Huawei Cloud Cce Pod Failure Diagnoser

Other

Huawei Cloud CCE Pod failure diagnosis skill using Python SDK dispatcher. Use this skill when the user wants to: (1) diagnose Pod CrashLoopBackOff, ImagePullBackOff, OOMKilled, Pending, Evicted failures, (2) analyze Pod restart storms, (3) check Pod logs and events, (4) view Pod metrics and resource usage. Trigger: user mentions "Pod failure", "Pod 故障", "CrashLoopBackOff", "ImagePullBackOff", "OOMKilled", "Pod Pending", "Pod Evicted", "Pod 重启", "容器异常", "Pod 诊断", "Pod crash", "Pod 无法启动", "Pod 状态异常"

Install

openclaw skills install huawei-cloud-cce-pod-failure-diagnoser

Huawei Cloud CCE Pod Failure Diagnoser

Overview

This skill diagnoses single-resource Pod failures in Huawei Cloud CCE clusters, including CrashLoopBackOff, ImagePullBackOff, OOMKilled, Pending, Evicted, and frequent restart storms. It confirms scope, then builds an evidence chain through Kubernetes Pod status, container state, Events, previous/current logs, and optional metrics.

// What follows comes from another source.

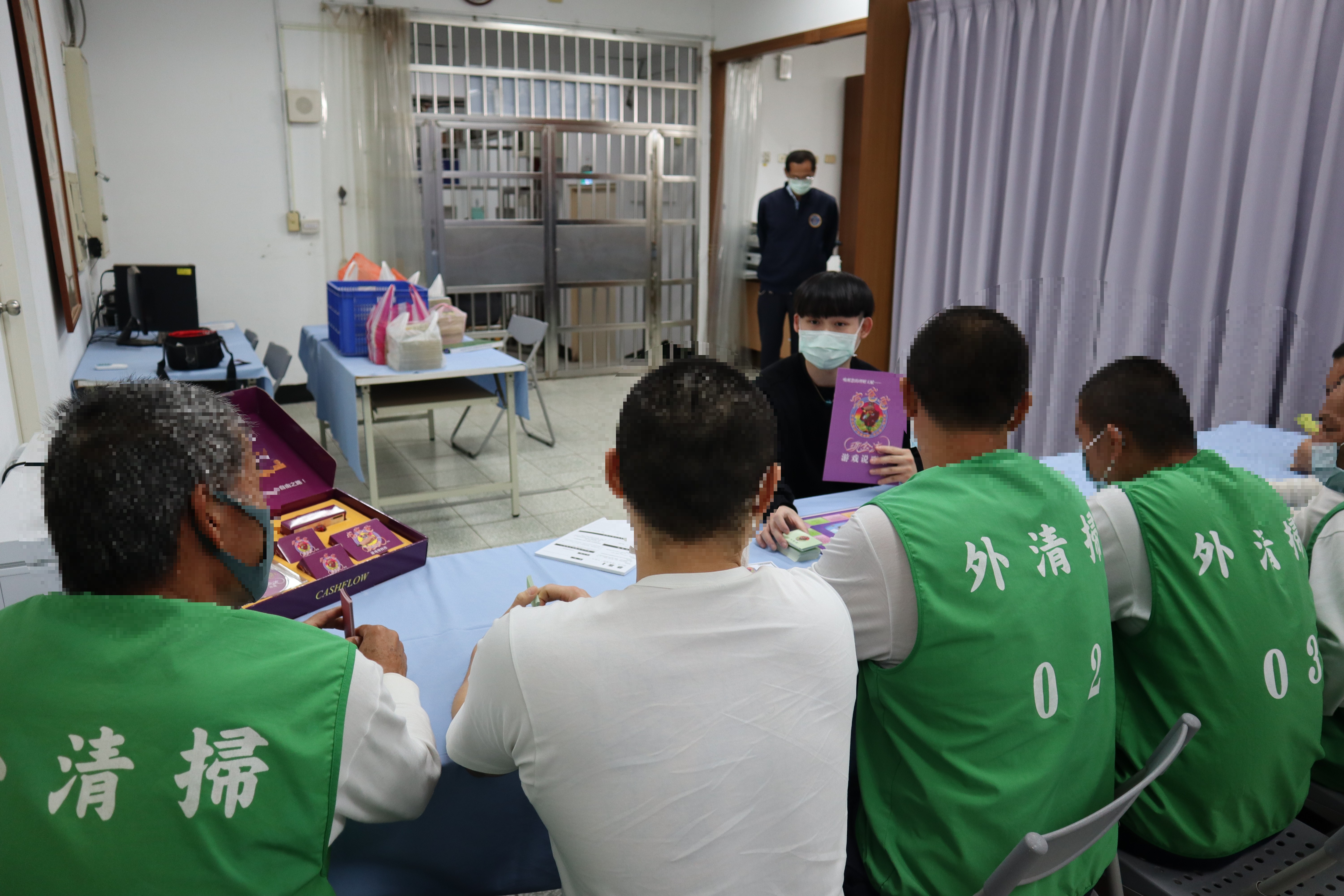 社工員介紹桌遊的設計概念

Architecture: python3 scripts/huawei-cloud.py dispatcher → Huawei Cloud Python SDK + Kubernetes client → Pod status, Events, logs, metrics

Related Skills:

  • huawei-cloud-cce-workload-failure-diagnoser - Workload rollout, stuck rolling updates, unavailable replicas
  • huawei-cloud-cce-node-failure-diagnoser - Node health, resource pressure, NPD events
  • huawei-cloud-cce-network-failure-diagnoser - Network connectivity, DNS, ELB diagnosis
  • huawei-cloud-cce-storage-failure-diagnoser - PVC/PV mount, storage provisioning failures
  • huawei-cloud-cce-root-cause-analyzer - Cross-domain root cause analysis and reports
  • huawei-cloud-cce-auto-remediation-runner - Remediation actions (scale, resize, drain, etc.)

Capabilities:

  • One-shot Pod failure diagnosis with top causes (huawei_pod_failure_diagnose)
  • Read Pod phase, reason, container state, last state, restart count, owner, node (huawei_get_cce_pods)
  • Fetch Pod current and previous container logs (huawei_get_pod_logs)
  • Query Kubernetes Events for a namespace or cluster (huawei_get_cce_events)
  • View Pod CPU/memory metrics and TopN metrics (huawei_get_cce_pod_metrics, huawei_get_cce_pod_metrics_topN)
  • Comprehensive workload diagnosis (huawei_workload_diagnose, huawei_workload_diagnose_by_alarm)
  • Generate structured diagnosis report (huawei_generate_diagnosis_report)

Typical Use Cases:

  • "My Pod is in CrashLoopBackOff, find the root cause"
  • "Pod keeps restarting, check previous logs"
  • "Pod stuck in Pending, why can't it schedule?"
  • "ImagePullBackOff error, check events and registry access"
  • "Pod was OOMKilled, show memory metrics"
  • "Pod was Evicted, check node pressure"
  • "List all abnormal Pods in a namespace"
  • "Show Pod resource usage for the last hour"

Prerequisites

1. Python Dependencies

  • Python 3.8+ with huaweicloudsdkcce, huaweicloudsdkcore, kubernetes packages
  • Run environment check before first use (see Verification section)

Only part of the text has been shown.